La moda ahora, al parecer, es incluir en las propias leyes sanciones administrativas para los que se manifiesten contrarios a los propios textos. Esa es una de las cosas inaceptables que nos traerá la Ley Trans de Montero si alguien no lo remedia. La Ley de Memoria Democrática también establece fuertes sanciones administrativas. La sanción administrativa supone que primero te sancionan —según el criterio de quién gobierne— y después ya te gastas en abogados y te vas a la jurisdicción contencioso-administrativa a ver si un juez dice que es un abuso lo que te han hecho. Incluso se puede pretender, como hace la futura Ley Trans, invertir la carga de la prueba y que tú demuestres que en tus palabras no hubo transfobia. En esencia, el castigo administrativo no es más estupendo en estos casos que en la ley mordaza.

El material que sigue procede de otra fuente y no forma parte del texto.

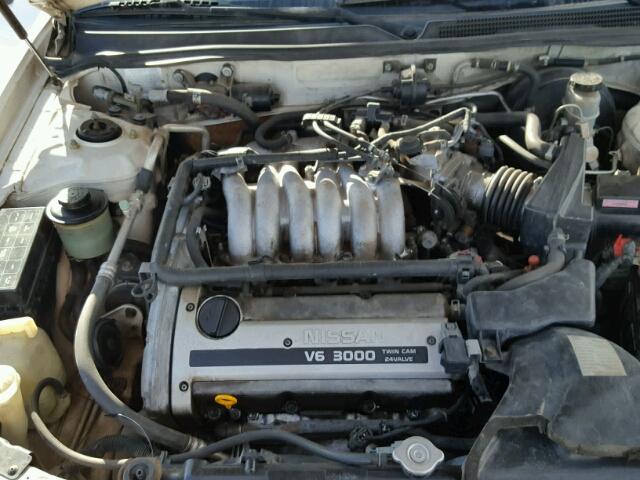 JN1CA21D0TT709332 - 1996 NISSAN MAXIMA GLE WHITE photo 7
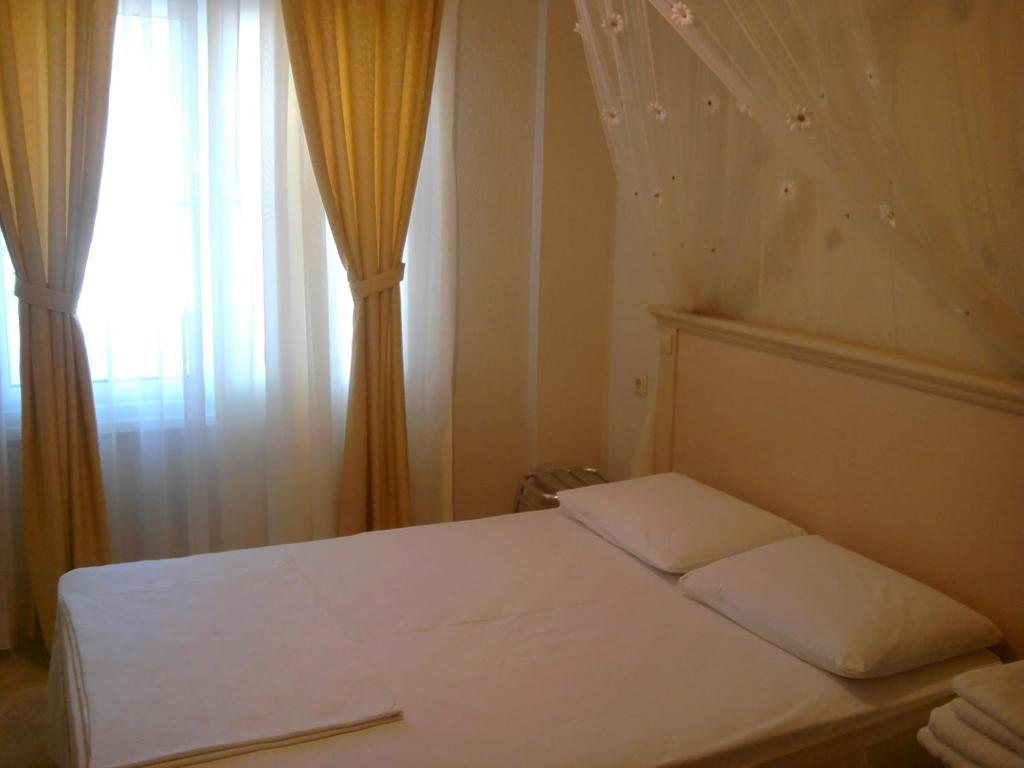 Melaike Hotel Foça Zimmer foto
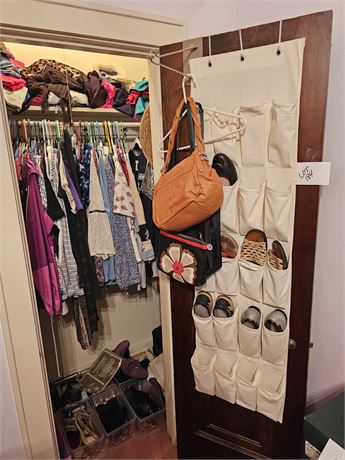 Closet Cleanout: Large Lot of Ladies All Season Clothing & Shoes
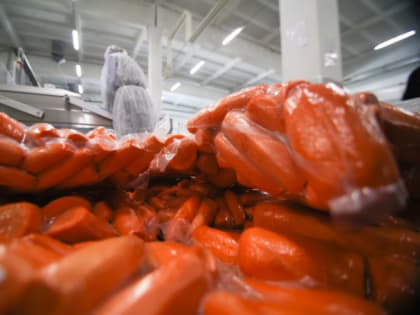 В Росконтроле перечислили мясокомбинаты, где в продукты добавляют опасный «мясной клей»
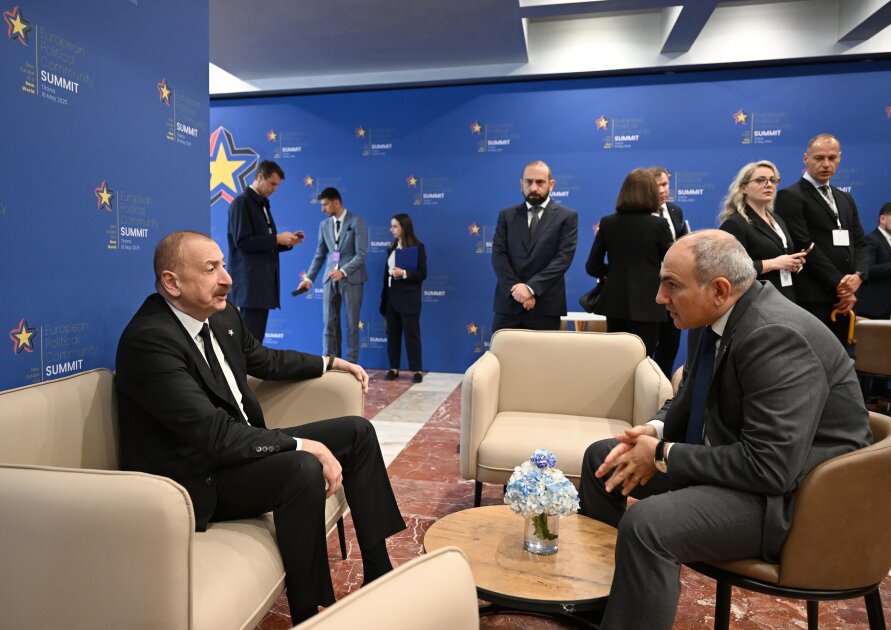 دیدار غیررسمی علی‌اف و پاشینیان در آلبانی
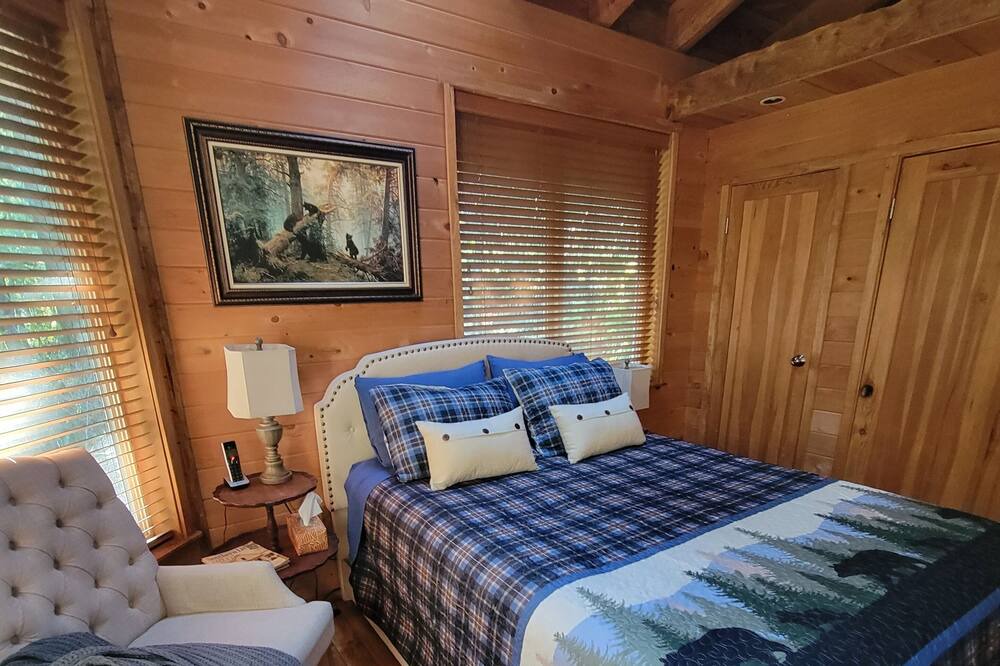 Photo of Bedroom in Coos Bay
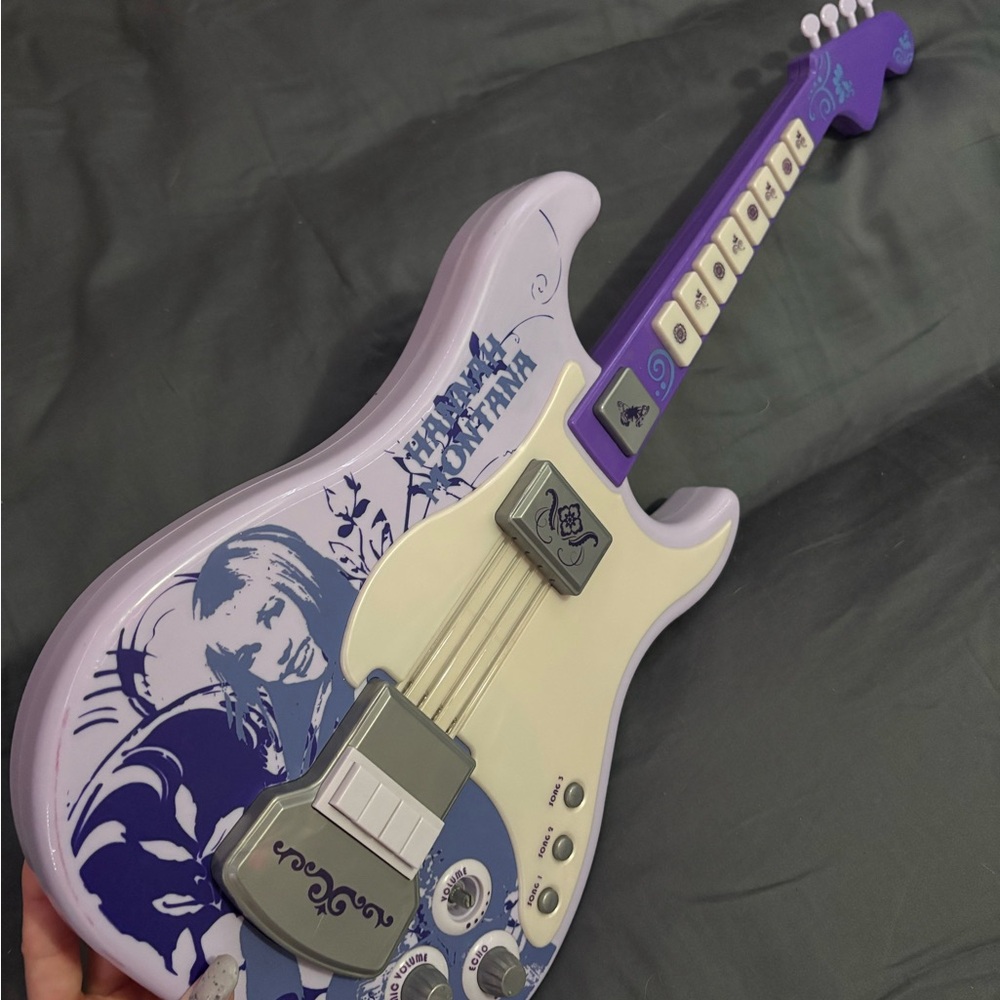 Y2K Hannah Montana interactive electric guitar with strings - Picture 6 of 8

El afán punitivo, el populismo penal parece no agotarse en unas ideologías. Hace ya unas décadas que el derecho a castigar del Estado se está radicalizando y que una voluntad de castigar invade las sociedades democráticas. En la exposición de motivos de la Ley de Bienestar Animal se dice expresamente que uno de los objetivos de la norma es elevar por encima de los dos años el delito de maltrato animal para que entren en prisión los condenados y no se pueda suspender o sustituir. No parece muy progresista pensar que es mejor encarcelar a un delincuente primario por maltratar a un animal que reeducarlo por otros métodos y que parece indicar que solo la cárcel es un castigo y no la multa o los servicios a la comunidad. Y ojo también a las deficiencias respecto a la proporcionalidad de las penas en esa norma de las que ya están avisando.

Ante una tentación de castigar sin mesura, mi opción preferida es la de no castigar. Antes de correr el riesgo de que unos u otros gobernantes tengan la llave para amordazar según que ideas políticas, prefiero que sean expresadas aún con mi mayor disgusto.

¿Favor libertatis o todos a la cárcel? Elijan su película.